Mis cuentos más conocidos son «Mr. Taylor» y «Primera Dama». Por cierto, en una ocasión —lo he contado otras veces— una periodista me preguntó sobre el mensaje en mi obra. Contesté que todo lo que escribí era un llamado a la revolución, pero que estaba hecho de manera tan sutil que lo único que logré a la postre era que los lectores se volvieran reaccionarios.
El tema único de mi obra es la condición humana y pese a que casi siempre trato de personajes que fracasan, no me considero un pesimista. Soy, más bien, un pesimista optimista.

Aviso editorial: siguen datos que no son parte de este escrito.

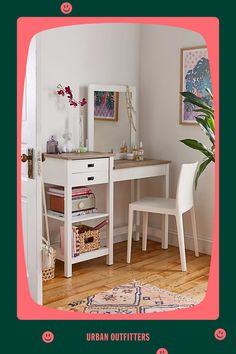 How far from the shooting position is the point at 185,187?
327 centimetres

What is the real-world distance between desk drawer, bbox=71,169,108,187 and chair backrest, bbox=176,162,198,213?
18.0 inches

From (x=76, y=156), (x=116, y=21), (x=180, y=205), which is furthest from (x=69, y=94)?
(x=116, y=21)

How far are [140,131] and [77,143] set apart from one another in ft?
2.15

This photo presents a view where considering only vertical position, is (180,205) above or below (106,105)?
below

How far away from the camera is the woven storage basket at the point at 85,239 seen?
3.17 meters

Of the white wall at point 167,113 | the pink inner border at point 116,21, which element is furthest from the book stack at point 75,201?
the pink inner border at point 116,21

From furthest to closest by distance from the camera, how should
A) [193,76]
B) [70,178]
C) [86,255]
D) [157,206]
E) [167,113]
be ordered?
[167,113], [193,76], [157,206], [86,255], [70,178]

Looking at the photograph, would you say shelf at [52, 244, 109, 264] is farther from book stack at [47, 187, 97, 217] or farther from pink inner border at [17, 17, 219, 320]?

El ensayista guatemalteco Manuel Galich dijo una vez que, en Guatemala, a causa de la herencia indígena, el escritor es irreverente con el idioma español. Ese no es el caso de Augusto Monterroso; los clásicos son sus modelos y su obra evidencia afán de perfección y vocación de exigencia.
Bárbara me hizo la mejor entrevista de toda mi vida. Me preguntó: «Do you?» Y yo contesté: «Very». Usted puede verla. Está publicada en Endymion, de Saint Louis, Missouri, en el número correspondiente a noviembre-diciembre de 1970.
Fíjese si yo le concedo importancia a las entrevistas que recogí en libro algunas de las que me hicieron en estos años. Viaje al centro de la fábula (1981) agrupa las entrevistas que a lo largo de años concedí a entrevistadores como Jorge Ruffinelli, Margarita García Flores, José Miguel Oviedo y Rafael Humberto Moreno-Durán, entre otros.
Creo, sin embargo, que ni las entrevistas ni las fotos son importantes. Yo lo que quisiera es desaparecer, sepultado por mis personajes. Mi máxima aspiración como escritor es que los seres que he creado prendan en la sicología popular. Eso es lo verdaderamente significativo y no ser como esos escritores —Hemingway, por ejemplo— cuya vida termina siendo más importante que su propia obra.
¿Por qué no deja en blanco la página de su libro en que debía estar mi entrevista?
Augusto Monterroso Bonilla — «Tito» Monterroso— murió en 2003 en la Ciudad de México, donde vivía exiliado desde 1944. El libro, con su entrevista, apareció en 1990.